- _WORK REQUIRED_: Count every line below that holds "photo". Number only.

- _SOURCE RECORDS_:
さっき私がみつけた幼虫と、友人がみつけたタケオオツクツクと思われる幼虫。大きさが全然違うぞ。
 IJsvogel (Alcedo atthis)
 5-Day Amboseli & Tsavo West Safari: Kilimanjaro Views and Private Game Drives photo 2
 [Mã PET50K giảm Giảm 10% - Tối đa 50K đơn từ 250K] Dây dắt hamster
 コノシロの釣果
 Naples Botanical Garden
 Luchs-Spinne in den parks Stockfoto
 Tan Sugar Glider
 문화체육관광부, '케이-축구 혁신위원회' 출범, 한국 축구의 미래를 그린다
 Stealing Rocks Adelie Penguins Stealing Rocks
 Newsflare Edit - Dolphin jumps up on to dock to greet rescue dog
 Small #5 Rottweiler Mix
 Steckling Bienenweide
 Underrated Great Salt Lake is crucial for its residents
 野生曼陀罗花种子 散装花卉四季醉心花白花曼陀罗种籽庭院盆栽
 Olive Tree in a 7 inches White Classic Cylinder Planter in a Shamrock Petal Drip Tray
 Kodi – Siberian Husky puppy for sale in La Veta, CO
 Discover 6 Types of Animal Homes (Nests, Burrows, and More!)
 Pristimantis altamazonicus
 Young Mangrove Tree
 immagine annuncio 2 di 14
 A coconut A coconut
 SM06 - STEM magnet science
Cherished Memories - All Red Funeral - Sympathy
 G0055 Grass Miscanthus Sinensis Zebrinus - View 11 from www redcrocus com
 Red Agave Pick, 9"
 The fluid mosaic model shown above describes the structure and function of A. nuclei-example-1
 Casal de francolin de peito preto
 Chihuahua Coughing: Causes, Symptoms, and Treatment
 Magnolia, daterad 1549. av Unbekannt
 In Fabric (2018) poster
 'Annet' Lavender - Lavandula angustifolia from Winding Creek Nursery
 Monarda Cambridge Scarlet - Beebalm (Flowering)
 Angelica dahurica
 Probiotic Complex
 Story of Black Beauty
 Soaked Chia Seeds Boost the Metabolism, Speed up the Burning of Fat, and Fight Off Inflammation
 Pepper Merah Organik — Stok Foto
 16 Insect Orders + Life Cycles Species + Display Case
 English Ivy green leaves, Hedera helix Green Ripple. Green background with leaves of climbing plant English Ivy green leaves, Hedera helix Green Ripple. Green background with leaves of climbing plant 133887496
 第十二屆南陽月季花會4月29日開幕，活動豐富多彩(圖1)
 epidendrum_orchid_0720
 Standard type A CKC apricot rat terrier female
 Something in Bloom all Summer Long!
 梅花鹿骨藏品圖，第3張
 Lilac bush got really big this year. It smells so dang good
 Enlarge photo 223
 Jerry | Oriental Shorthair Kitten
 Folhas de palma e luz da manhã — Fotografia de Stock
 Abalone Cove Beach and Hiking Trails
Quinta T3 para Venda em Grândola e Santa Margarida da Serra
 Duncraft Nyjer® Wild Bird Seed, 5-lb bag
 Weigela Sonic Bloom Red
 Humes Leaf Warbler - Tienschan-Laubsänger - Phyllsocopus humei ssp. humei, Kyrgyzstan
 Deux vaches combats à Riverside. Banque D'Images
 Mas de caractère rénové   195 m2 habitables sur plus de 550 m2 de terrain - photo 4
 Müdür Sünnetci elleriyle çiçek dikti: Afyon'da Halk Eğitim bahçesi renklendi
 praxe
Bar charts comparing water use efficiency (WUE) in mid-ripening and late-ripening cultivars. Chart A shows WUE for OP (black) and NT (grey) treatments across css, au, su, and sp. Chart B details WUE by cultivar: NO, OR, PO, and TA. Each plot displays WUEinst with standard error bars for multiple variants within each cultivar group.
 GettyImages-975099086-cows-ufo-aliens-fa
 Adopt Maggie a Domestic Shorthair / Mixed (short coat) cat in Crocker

- _TASK OUTPUT_: 3